SCSB# 395

MLRA 137: Carolina and Georgia Sand Hills
D.K. Cassel
North Carolina State University

Chapter Contents

Major land resource area (MLRA 137) occupies a relatively small area of land compared to most of the other MLRAs and is occupied primarily by deep sandy soils that are droughty and difficult to manage intensely. As we will see, these soils have low water holding capacities and are subject to leaching losses.

Location and Landuse
MLRA 137 is composed of land in a relatively narrow strip extending east northeast from the western boundary of Georgia across the entire state of Georgia, across the entire state of South Carolina, and about halfway across North Carolina (view of regional map). This strip of land separates MLRA 136, the Southern Piedmont, to the west, from MLRA 133A, the Southern Coastal Plains, to the east. Soils from both the Piedmont and Coastal Plain are found in MLRA 137. Much of the general information to follow was extracted from USDA (1981).

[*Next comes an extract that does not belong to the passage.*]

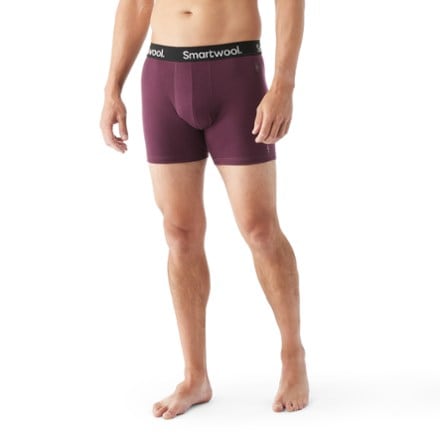 Smartwool Merino Boxer Briefs - Men's 0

MLRA 137 occupies an area of 22,680,000 ha (55,606,400 acres). The strip of land is about 650 km (404 miles) long and varies in width from 6 to 80 km (4 to 50 miles), but is mostly less than 40 km wide. Natural vegetation is/was pine-oak with long leaf pine being the dominant species. Currently most of the land is under forest cover (Table 1) with pine and scrub oak being dominant. Pulpwood and lumber are the primary forest products. Turkey, blackjack, bluejack, and sand live oaks are also present. Various grasses and forbs provide ground cover in the forested and pasture areas.

In 1981, about 15% of the area was cropland, primarily corn and cotton, and about 5% was pasture. About one-sixth of the area is owned and used by the federal government for military posts such as Fort Bragg Military Reservation in North Carolina. Only a small percentage of the land is used for urban development and other purposes, although several very high quality, world famous golf courses have been developed. Some orchards and small commercial fruit and vegetable farms are scattered throughout the area.

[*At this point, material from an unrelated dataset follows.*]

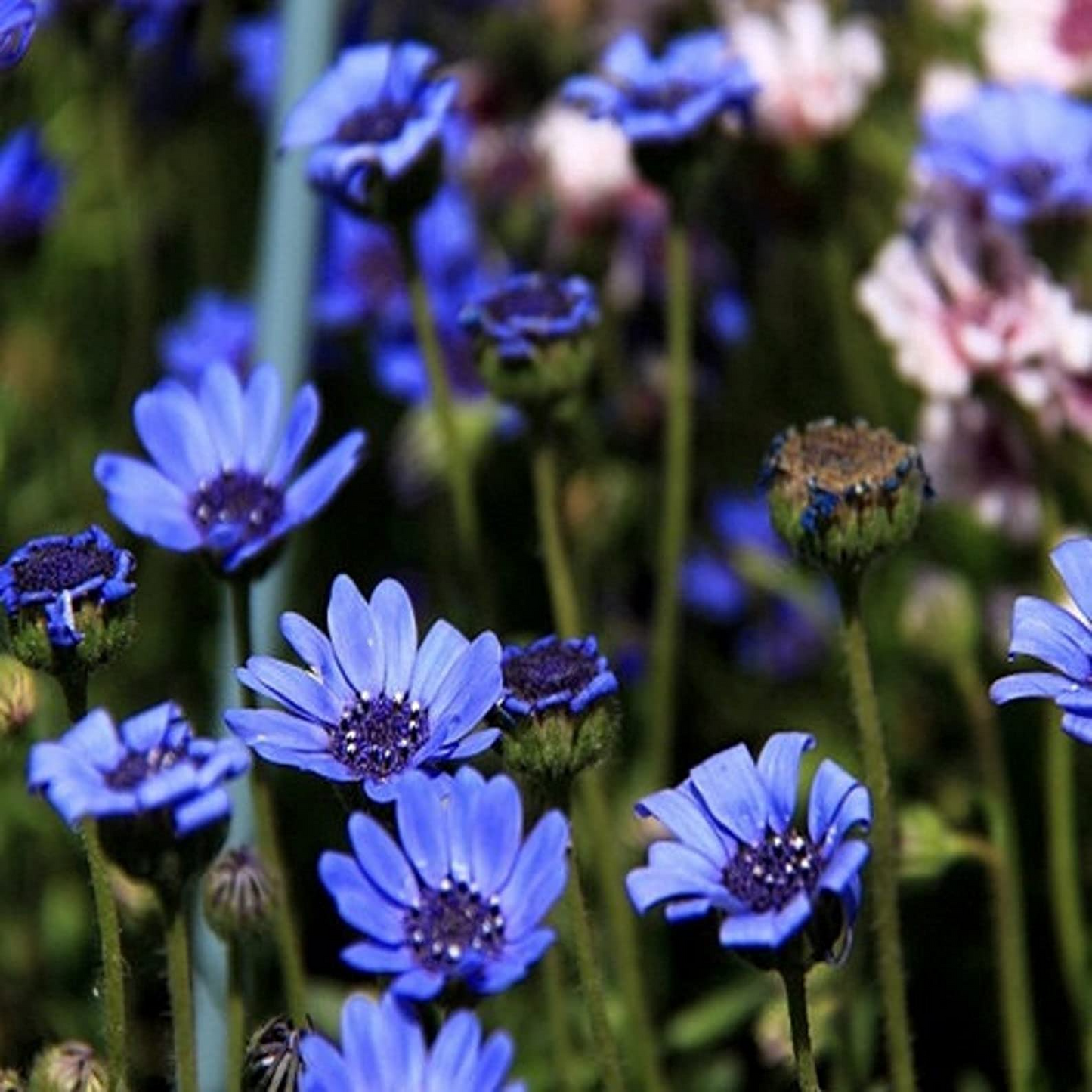 50 Seeds Daisy The Blues Felicia Heterophylla Blue Flowers Heirloom Non-GMO Pollinator-Friendly Perennial Garden Wildflower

This region has an udic moisture regime with average annual precipitation ranging from 1150 to 1275 mm. Maximum precipitation occurs in the summer and the minimum is in winter. A thermic temperature regime exists and the average annual air temperature is 17 to 18°C. The average frost-free period ranges from 220 to 240 days.

Elevation in MLRA 137 ranges from 50 to 200 m above sea level. The area is dissected with rolling to hilly uplands. Local relief is only a few meters, but some hills are 25 to 50 m above adjacent areas.

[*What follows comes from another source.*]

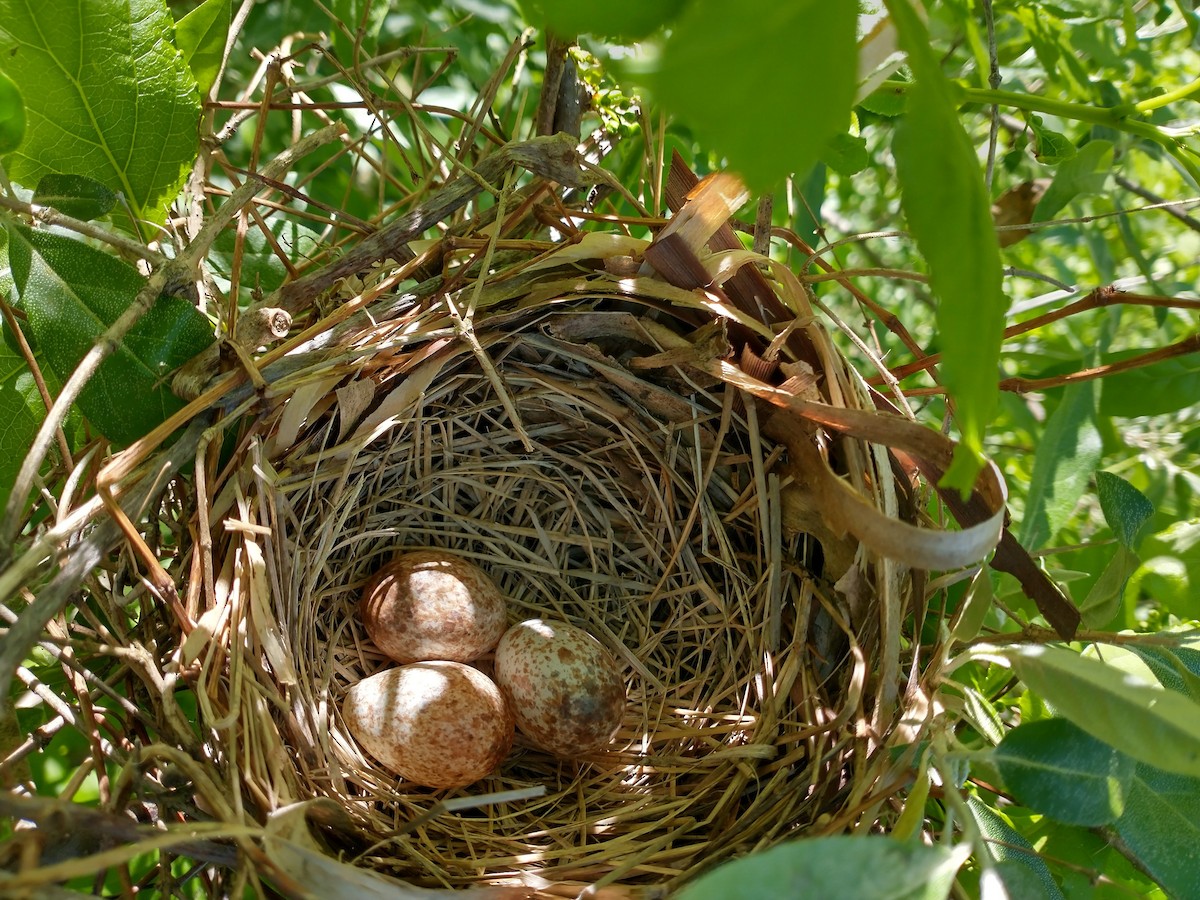 Northern Cardinal - ML568000191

Precipitation, perennial streams, and ground water are plentiful, however, low water holding capacity and rapid permeability of the soils severely limit plant growth unless irrigation water is used. The rolling topography gives rise to many seeps and springs.

The major soil components making up 1% or more of the total area occupied by MLRA 137 are shown in Table 2. The components are listed in descending order of acreage. The area is dominated by Ultisols, but Psamments occupy about 13% of the area, while Inceptisols occupy about 8%. Psamments are sandy Entisols and have no zone of clay accumulation.

Psamments are sand to a depth of at least 100 cm and quartz is the most dominant mineral. Deep, sandy Quartzipsamments (Lakeland series) and Paleudults (Blanton and Troup series) occur on rolling and hilly slopes where the upper sandy layer is thick. Paleudults (Blanton, Dothan, and Fuquay series) occur where the upper sand strata are thinner and underlain by more clayey materials. Very poorly drained soils occurring along drainage ways are Psammaquents (Osier series; 2,805 ha) and Humaquepts (Rutledge series; 4,816 ha). The STATSGO soil map for MLRA 137 is shown in Fig. 1.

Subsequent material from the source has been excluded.